Oregon has 11 counties that are identified as metropolitan areas due to high population and job density. These include Benton (Corvallis MSA); Clackamas, Columbia, Multnomah, Washington, and Yamhill (Oregon portion of Portland-Vancouver-Hillsboro MSA); Deschutes (Bend MSA); Jackson (Medford MSA); Lane (Eugene-Springfield MSA); and Marion and Polk (Salem MSA). The remaining counties are considered non-metro.
A majority of government workers were employed in metro areas in 2011, though nearly one out of four jobs were in non-metro counties. This balance played out roughly the same at the local and federal government levels, while state government employment was more heavily distributed in urban areas (82%). When it comes to number of establishments, however, about 41 percent resided in rural locales.
As shown in Figure 1, the Portland and Eugene-Springfield Metro areas have the greatest number of government jobs. No big surprise there, as these regions are home to large public universities as well as many state and federal offices.
Portland-based Oregon Health Sciences University is the state's largest public employer, with more than 13,000 workers on payroll. The classification of home health workers as state employees, as of 2005, results in this group being the second-largest at nearly 12,000.

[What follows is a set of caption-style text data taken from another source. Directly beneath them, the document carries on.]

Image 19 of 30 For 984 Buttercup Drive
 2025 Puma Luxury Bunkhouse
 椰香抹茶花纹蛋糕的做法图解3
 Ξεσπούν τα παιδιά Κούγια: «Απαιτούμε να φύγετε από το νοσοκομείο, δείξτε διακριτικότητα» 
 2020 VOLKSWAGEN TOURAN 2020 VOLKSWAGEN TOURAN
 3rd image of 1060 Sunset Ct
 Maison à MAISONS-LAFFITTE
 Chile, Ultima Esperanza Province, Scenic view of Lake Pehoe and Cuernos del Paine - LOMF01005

Oregon State University and the University of Oregon also make the top 10 list of largest government employers, with around 5,000 jobs each. Given the size of these institutions, in addition to local K-12 schools, it's not surprising that four out of every 10 government jobs are in education. Along with health services, this industry group comprised the largest share of government employment in 2011, as shown in Table 1. Public administration comprised the next largest share of government employment, as one might expect.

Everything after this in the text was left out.